Né le 3 janvier 1926 à Paris, le philosophe, traducteur et commentateur de Spinoza, théoricien du bonheur qu'il appelait « le but ultime de l’existence », « le Préférable », Robert Misrahi s'en est allé dimanche 1er octobre.
Agrégé de philosophie en 1950, docteur en sciences humaines, puis professeur émérite de philosophie éthique à l'université de Paris I (Sorbonne), il était le fils d’un ouvrier tailleur juif d’origine turque. Il s'est cependant revendiqué athée le restant de sa vie. Son premier livre est La Condition réflexive de l'homme juif (Julliard, 1963). Il publiera également plusieurs articles sur les Juifs et l'antisémitisme dans la revue Les Temps modernes. Contemporain et ami de Jean-Paul Sartre, il s'intéresse comme lui à cerner ce qu'est la liberté absolue. Pour lui, il manquait à Sartre une éthique à sa philosophie de la liberté ; Misrahi la trouvera chez Spinoza.
La réciprocité comme socle de la liberté
Dans Traité du bonheur (Seuil, 1981), il utilise la construction d'un château comme métaphore de la construction de soi et y propose une éthique de la joie d'être. Il livre sa conception de la philosophie du bonheur et décrit le cheminement permettant d'atteindre la plénitude. « Il y a selon Robert Misrahi les bonheurs du quotidien, le confort matériel, mais la grande question pour lui c'est la réciprocité, à ses yeux, c'est cette discussion permanente avec l'autre qui fait le socle de la liberté », analyse celui qui fut son dernier éditeur, Jean-Luc Veyssy, directeur des éditions Le Bord de l'eau (Bordeaux).
Le philosophe et musicologue Vladimir Jankélévitch dirigea sa thèse, Lumière, commencement, liberté (Plon, 1969, Points, 1996), qu'il poursuivra avec les trois volumes de son Traité du bonheur (Seuil, 1981, Points, 1985, et Puf, 1987). « Robert Misrahi a construit une philosophie exigeante à distance des modes qui traversaient le champ intellectuel. On le rattache à Spinoza car il a développé ses travaux à partir notamment de sa notion de recherche absolue du bonheur », explique Jean-Luc Veyssy.
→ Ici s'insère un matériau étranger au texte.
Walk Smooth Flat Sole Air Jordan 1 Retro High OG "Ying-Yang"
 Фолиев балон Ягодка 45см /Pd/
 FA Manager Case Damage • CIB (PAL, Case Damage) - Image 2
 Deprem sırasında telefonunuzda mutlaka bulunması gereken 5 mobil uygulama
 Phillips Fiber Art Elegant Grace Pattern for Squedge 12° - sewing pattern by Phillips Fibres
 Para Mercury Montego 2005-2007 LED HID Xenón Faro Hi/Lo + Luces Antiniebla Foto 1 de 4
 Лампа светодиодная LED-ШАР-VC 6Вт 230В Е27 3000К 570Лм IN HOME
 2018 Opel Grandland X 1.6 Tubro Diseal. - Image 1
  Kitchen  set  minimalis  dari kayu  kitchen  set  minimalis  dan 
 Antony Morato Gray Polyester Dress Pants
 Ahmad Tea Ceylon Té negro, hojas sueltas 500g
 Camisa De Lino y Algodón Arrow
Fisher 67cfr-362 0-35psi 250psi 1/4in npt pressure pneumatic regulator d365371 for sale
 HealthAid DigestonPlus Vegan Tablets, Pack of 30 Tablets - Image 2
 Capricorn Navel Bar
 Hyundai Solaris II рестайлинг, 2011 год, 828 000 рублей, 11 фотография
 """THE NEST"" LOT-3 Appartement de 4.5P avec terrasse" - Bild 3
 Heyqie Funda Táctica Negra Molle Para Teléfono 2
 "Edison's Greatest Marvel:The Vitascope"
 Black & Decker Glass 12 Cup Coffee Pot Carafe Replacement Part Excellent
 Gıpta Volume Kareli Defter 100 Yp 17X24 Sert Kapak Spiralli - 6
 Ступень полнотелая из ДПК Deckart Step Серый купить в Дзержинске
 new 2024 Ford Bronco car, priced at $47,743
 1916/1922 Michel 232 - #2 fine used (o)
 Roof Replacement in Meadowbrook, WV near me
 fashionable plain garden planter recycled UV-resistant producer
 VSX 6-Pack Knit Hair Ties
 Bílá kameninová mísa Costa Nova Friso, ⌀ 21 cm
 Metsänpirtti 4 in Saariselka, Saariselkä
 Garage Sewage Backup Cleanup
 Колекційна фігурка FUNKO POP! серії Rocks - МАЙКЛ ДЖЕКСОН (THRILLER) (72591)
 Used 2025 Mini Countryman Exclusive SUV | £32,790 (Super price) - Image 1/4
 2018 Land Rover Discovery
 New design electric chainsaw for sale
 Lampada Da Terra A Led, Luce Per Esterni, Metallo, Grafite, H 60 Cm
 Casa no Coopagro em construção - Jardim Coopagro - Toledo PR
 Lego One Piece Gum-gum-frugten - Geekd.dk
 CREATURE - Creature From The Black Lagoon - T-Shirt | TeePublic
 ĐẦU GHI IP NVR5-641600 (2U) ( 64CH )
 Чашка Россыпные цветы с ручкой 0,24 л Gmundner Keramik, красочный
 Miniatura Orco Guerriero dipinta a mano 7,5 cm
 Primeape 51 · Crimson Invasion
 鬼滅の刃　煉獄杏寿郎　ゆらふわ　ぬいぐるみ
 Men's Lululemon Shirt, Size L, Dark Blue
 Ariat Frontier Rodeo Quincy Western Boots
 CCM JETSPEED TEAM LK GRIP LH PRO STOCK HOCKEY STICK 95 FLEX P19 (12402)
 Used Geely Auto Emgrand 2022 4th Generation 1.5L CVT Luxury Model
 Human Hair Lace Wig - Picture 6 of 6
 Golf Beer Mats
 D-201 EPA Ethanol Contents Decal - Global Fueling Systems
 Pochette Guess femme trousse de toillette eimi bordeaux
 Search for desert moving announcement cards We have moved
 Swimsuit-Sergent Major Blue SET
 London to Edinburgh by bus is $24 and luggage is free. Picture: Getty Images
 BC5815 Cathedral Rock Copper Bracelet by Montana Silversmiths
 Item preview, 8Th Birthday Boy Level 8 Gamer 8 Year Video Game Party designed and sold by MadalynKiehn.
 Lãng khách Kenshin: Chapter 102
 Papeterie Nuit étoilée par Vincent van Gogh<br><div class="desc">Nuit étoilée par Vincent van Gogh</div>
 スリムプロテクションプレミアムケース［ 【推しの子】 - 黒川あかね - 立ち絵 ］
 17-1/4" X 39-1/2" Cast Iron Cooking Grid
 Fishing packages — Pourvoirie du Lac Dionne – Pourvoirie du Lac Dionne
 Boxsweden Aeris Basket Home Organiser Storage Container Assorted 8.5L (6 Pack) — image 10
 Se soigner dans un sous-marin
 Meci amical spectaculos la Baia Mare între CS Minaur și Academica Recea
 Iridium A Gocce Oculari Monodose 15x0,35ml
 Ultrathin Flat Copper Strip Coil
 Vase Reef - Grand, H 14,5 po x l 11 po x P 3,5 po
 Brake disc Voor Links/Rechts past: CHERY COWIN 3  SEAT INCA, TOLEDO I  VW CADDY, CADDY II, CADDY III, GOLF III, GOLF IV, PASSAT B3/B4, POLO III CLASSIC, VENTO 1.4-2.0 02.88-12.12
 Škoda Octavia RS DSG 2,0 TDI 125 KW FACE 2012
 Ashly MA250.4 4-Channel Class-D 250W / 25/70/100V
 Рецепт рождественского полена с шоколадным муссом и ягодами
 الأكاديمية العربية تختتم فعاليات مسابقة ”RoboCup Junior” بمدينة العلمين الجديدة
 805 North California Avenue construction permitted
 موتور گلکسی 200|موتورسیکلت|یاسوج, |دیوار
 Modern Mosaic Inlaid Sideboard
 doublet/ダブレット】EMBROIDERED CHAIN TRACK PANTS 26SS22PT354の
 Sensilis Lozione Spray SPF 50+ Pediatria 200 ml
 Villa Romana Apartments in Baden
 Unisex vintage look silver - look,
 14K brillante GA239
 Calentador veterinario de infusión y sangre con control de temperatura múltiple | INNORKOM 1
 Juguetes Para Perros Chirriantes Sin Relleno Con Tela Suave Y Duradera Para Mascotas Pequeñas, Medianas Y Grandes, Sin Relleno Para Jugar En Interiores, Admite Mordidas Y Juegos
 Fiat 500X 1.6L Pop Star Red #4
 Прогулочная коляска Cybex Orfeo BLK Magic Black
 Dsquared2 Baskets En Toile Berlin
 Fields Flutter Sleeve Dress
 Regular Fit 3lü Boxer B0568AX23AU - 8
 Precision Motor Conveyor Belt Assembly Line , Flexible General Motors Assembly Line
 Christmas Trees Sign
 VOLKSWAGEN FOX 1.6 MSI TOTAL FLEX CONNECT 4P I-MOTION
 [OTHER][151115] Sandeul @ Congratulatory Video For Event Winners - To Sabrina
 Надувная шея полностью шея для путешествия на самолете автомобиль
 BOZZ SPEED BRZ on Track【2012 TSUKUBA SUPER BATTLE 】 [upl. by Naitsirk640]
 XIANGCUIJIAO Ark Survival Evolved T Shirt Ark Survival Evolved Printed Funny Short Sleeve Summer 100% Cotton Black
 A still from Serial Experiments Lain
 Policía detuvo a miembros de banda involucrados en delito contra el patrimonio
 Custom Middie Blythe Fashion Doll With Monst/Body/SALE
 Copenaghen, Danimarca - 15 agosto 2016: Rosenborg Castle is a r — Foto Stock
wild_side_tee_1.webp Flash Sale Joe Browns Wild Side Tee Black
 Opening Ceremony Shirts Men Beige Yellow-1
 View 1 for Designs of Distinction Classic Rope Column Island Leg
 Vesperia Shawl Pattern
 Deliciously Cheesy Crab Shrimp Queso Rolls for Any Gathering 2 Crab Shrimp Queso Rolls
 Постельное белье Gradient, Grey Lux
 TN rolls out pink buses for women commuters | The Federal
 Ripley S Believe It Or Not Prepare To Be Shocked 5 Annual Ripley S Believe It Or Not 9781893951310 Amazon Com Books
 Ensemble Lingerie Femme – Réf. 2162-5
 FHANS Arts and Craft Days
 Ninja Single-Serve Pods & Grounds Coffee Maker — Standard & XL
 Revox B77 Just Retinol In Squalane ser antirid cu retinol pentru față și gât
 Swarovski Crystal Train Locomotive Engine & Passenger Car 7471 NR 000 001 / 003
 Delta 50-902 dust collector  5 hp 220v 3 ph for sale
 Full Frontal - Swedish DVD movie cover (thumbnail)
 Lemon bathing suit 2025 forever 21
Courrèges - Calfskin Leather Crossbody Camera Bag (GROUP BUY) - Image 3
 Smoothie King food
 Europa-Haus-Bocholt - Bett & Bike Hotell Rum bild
En 2011, le philosophe publie une nouvelle traduction et présentation de L'Éthique du philosophe néerlandais Spinoza au Livre de poche. Son dernier ouvrage L'Étonnant pouvoir intérieur. Pour une métaphysique du sujet (Le Bord de l'eau, 2020) est une approche philosophique du sentiment de solitude, de ses causes et des diverses façons de le surmonter par ses propres moyens. « Dans la mort tout le monde est vertueux, Robert Misrahi l'a été avant, il a été un homme d’une grande vertu morale et d’une grande générosité », conclut l'éditeur Jean-Luc Veyssy.